Within the documentary and beyond, one of the principal themes that the jihadists are tapping into relates to the concept of 'sovereignty' in an Islamist theocracy, where laws and governance are already ordained by Allah-- unlike democracies, where it lies with the people. For Al-Shabaab and conservative Islamist clerics within Al-I'tisaam, the jihadists' ideological twin and competitor, the Family Laws and legislation such as the progressive Sexual Offences Bill in 2018 represent an attempt to repeal the laws of Allah, feeding into its framing of Villa Somalia as infidels themselves and oppositional constitutional rule itself.

Yet by seeking to co-opt the speeches of Ma'alim into its narratives, Al-Shabaab quietly writes over the deceased sheikh's deliberate eschewing of any particular Islamist movement, including their jihadist ancestors of Al-I'tihaad Al-Islamiyaa. The video may be high-specs, and the messaging sophisticated, but dig a little deeper, and the Al-Shabaab documentary helps to remind one of the squabbling, disparate histories of Islamism within Somalia. Even the Islamic Courts Union, at its height in the mid-2000s, could not claim to enjoy wholesale support from Somalia's arrayed Islamist movements. And, in turn, such co-opting of the memories of the executed sheikhs against rival Islamist movements has remained a free-for-all, with each one drawing their own interpretations and particular weaponisations to court popularity and power.

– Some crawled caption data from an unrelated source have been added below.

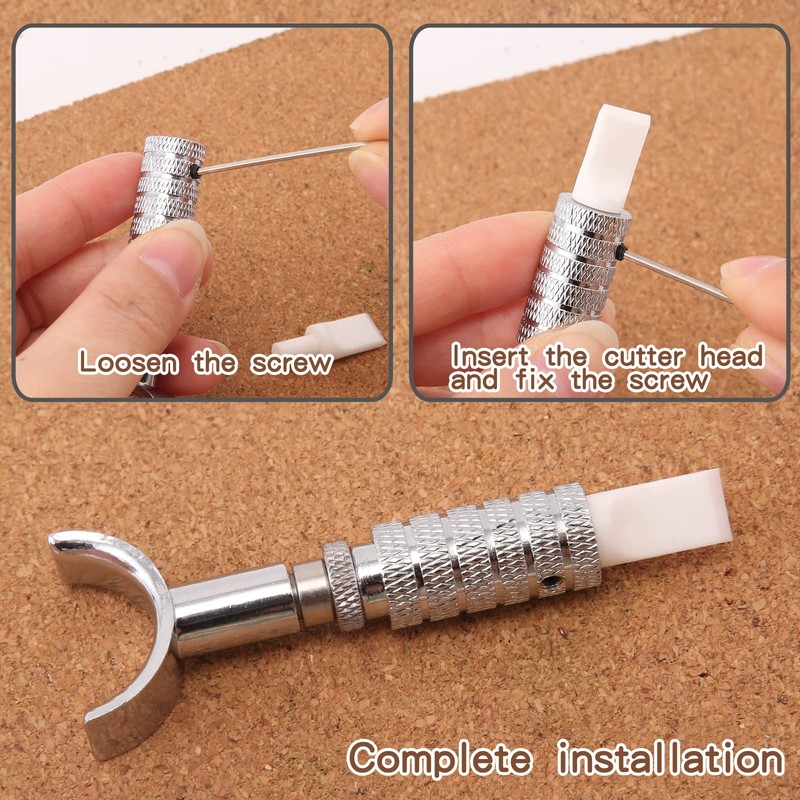 Aiegiuor Skiving Knife for Leather Work Leather Carving Tooling Graving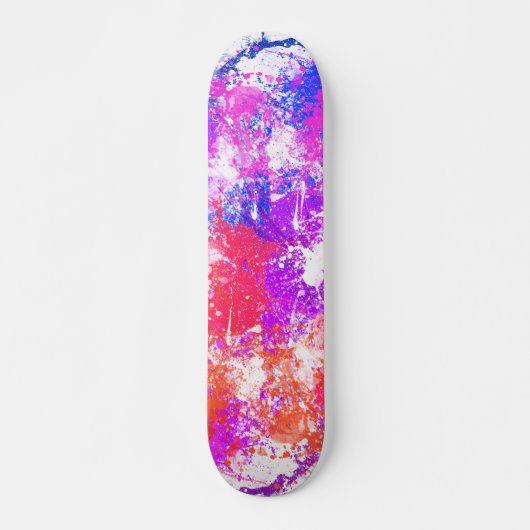 Abstrakte Paint Splash Art Skateboard (Vorne)
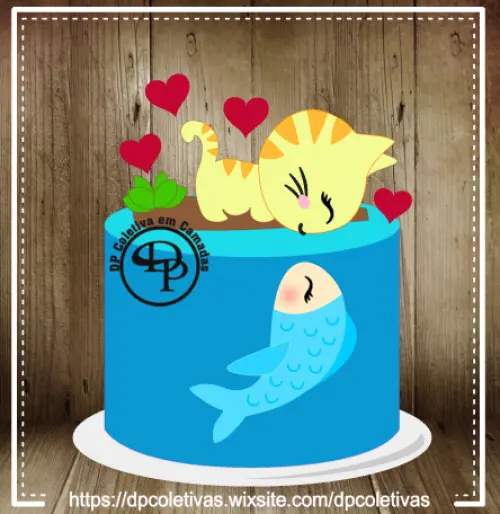 Arquivo de corte topo de bolo gatinho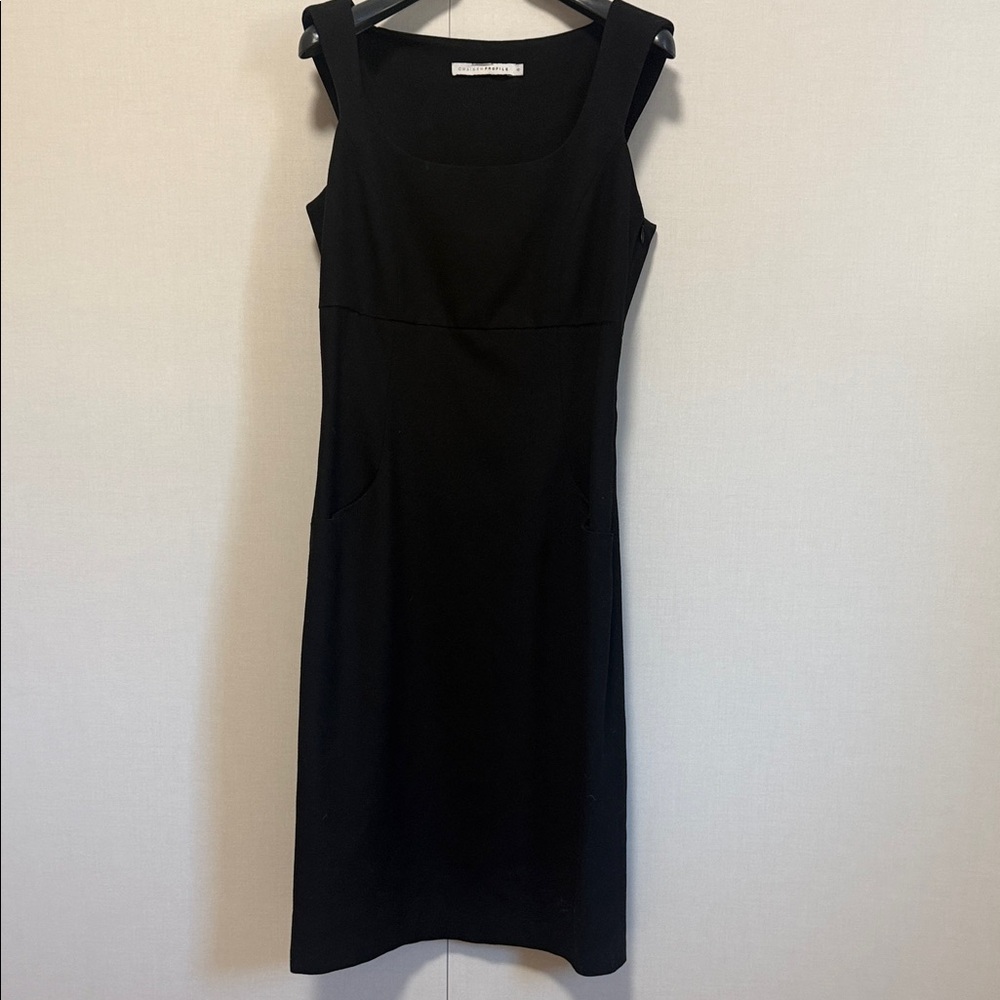 Chaikin Profile Black Midi Dress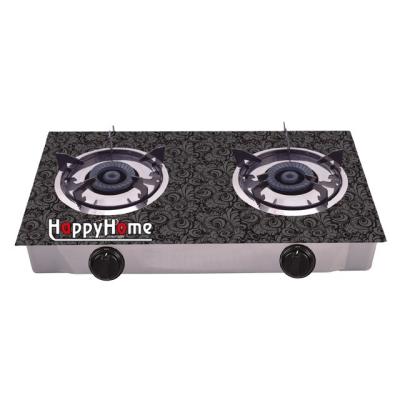 China High Quality Hotel Tempered Glass Top Gas Stove Gas Cooker Stove for sale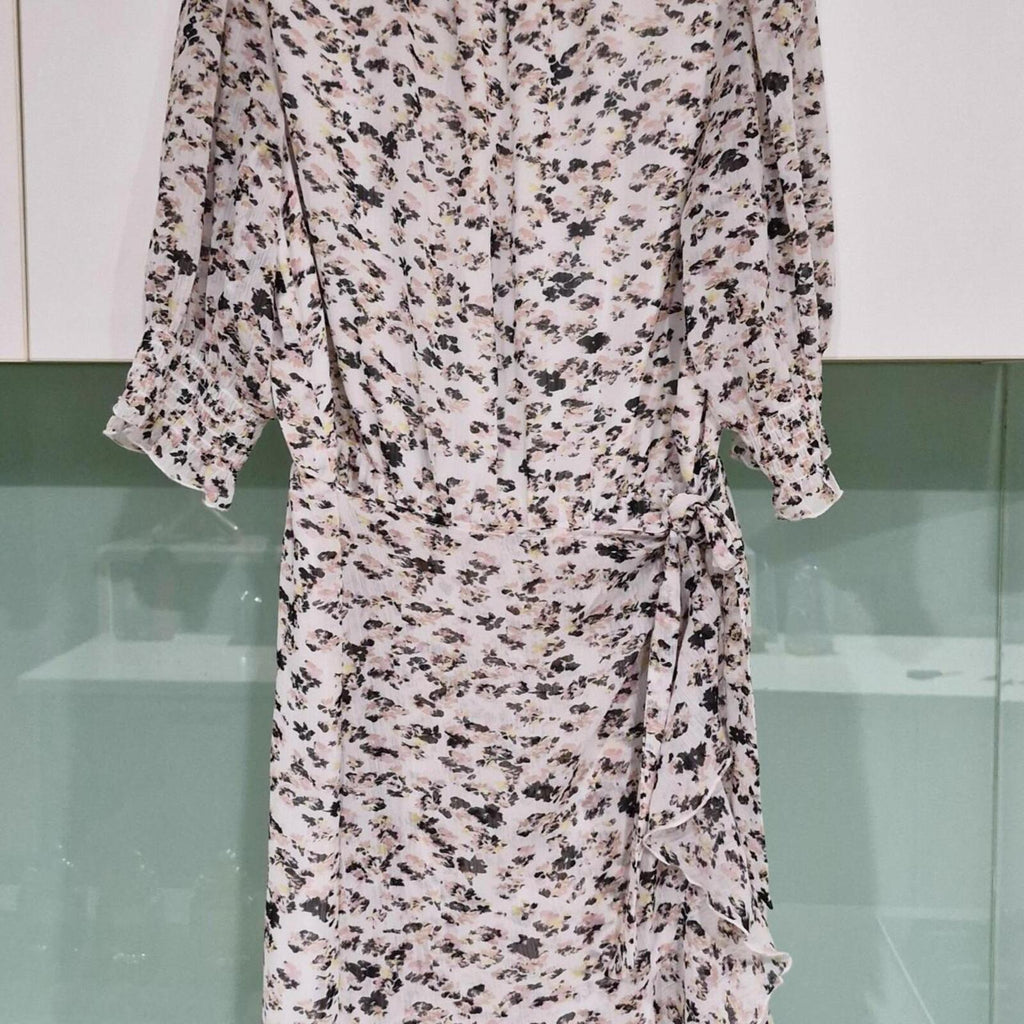 Decjuba High Neck Patterned Dress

Such ideological competition and fracturing remain one of the most overlooked and least understood elements of the enduring civil war, with today's Islamist groups on the block-- Damul JadiidAala Sheikh, and Al-I'tisaam —as well as the armed Salafists of Al-Shabaab —all drawing inspiration from Ma'alim. It is the same Islamist factions-- albeit with different names and faces-- that failed to unite against Barre in the aftermath of the execution of the sheikhs that are jostling for power at the centre of the country today. Al-Shabaab may attempt to appropriate this struggle against its rivals in this latest documentary, but it fundamentally remains the same old story.